Rate Limiting Algorithms

The common rate-limiting algorithms, what each one trades off, and the race conditions you have to design around.

distributed-systemsrate-limitingalgorithmsredis

Jan 12, 2026 · 18 min

Why algorithms matter

A rate limiter answers one question on every request: has the caller exceeded their limit? The counting itself is simple. Doing it across distributed processes, surviving concurrent writes, and staying under a millisecond of latency is where it gets interesting.
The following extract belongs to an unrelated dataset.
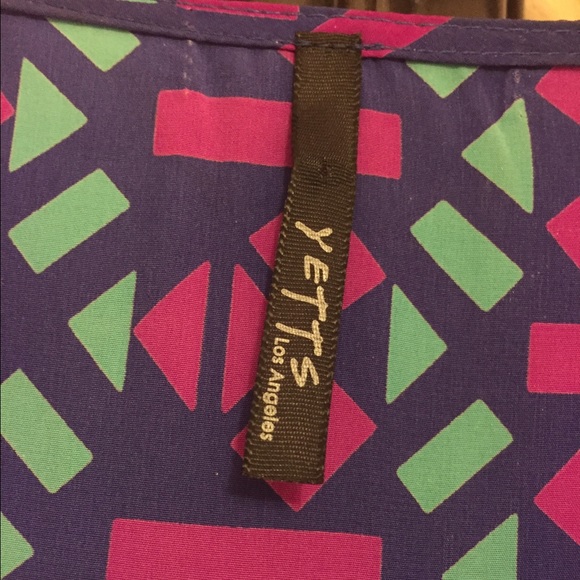 Tunic Dress - Purple & Pink Geometric Pattern - Picture 3 of 3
The algorithm you pick decides:

How much memory each active client costs you
Whether traffic bursts are allowed (and by how much)
How accurately the limit is enforced
How complex the atomic operation has to be

There’s no universally correct choice. Pick the one that matches the traffic shape you actually have. Five algorithms show up over and over, roughly in order of implementation complexity:

Fixed window counter
Sliding window log
Sliding window counter
Token bucket
Leaky bucket

For each, we walk through the concept, a Jedis implementation in Java, the race condition the naive version has, and the Lua script that fixes it. The state store is Redis throughout. It’s the standard choice for rate limiting: in-memory speed, atomic primitives, built-in key expiration.

Fixed window counter

Concept. Divide time into fixed-size windows aligned to wall clock (e.g. one-minute windows). Keep a counter per (client, window). Each request increments the counter; reject if it exceeds the limit. Reset happens automatically via Redis key TTL.
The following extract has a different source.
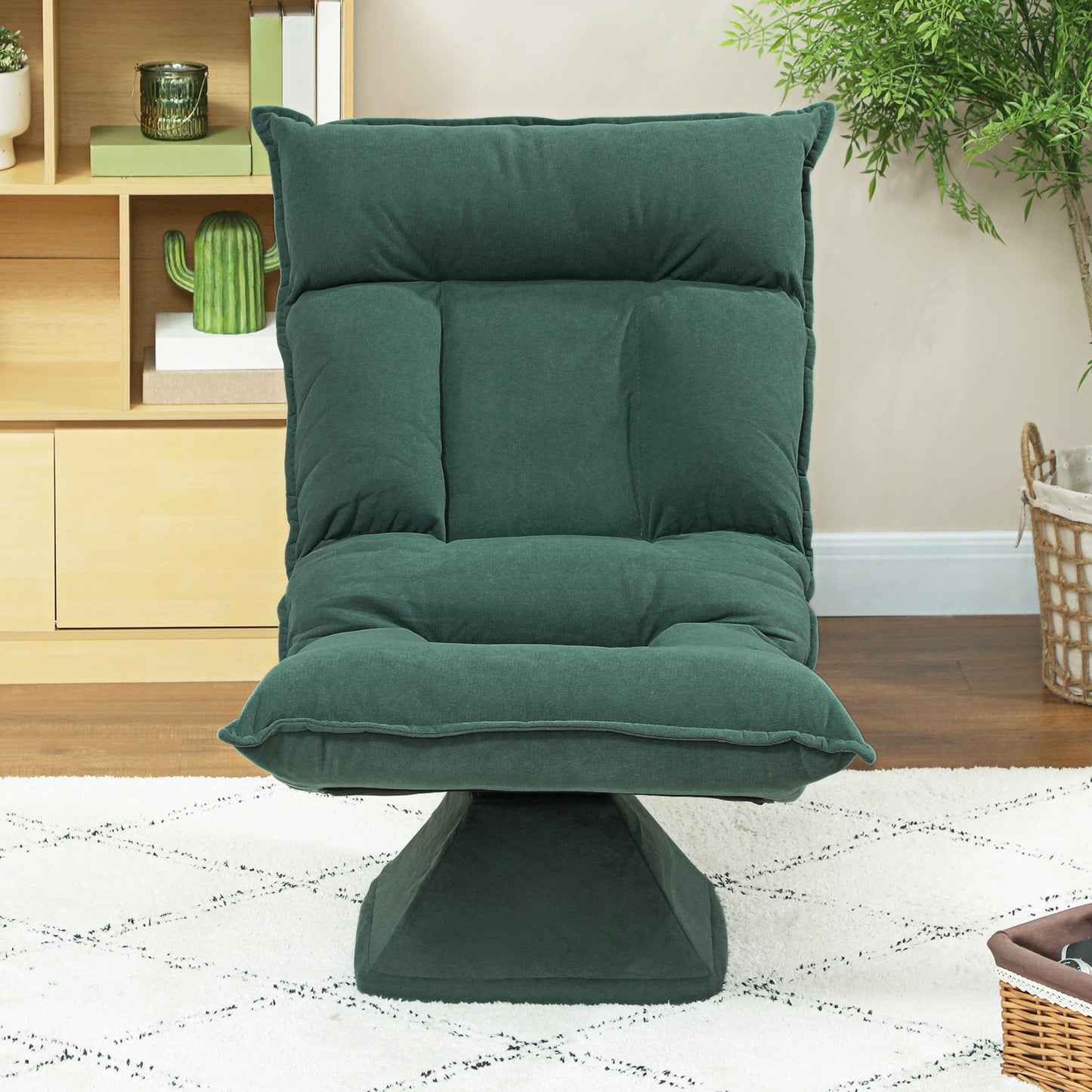 Swivel Floor Chair with Adjustable Backrest – Green Velvet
The mental model: one bucket per window, you tally every request that arrives in the current bucket.

boolean allow(String clientId, Jedis jedis) {
    long window = System.currentTimeMillis() / WINDOW_MS;
    String key = "rl:" + clientId + ":" + window;

    long count = jedis.incr(key);
    if (count == 1) {
        jedis.expire(key, (int) (WINDOW_MS / 1000));
    }

    return count <= LIMIT;
}

The race. INCR and EXPIRE are two separate Redis commands. If the process dies between them the key never gets a TTL and stays in Redis forever, a slow memory leak. Under high concurrency, two requests can both INCR a fresh key, both see count == 1, and both call EXPIRE (harmless but wasteful).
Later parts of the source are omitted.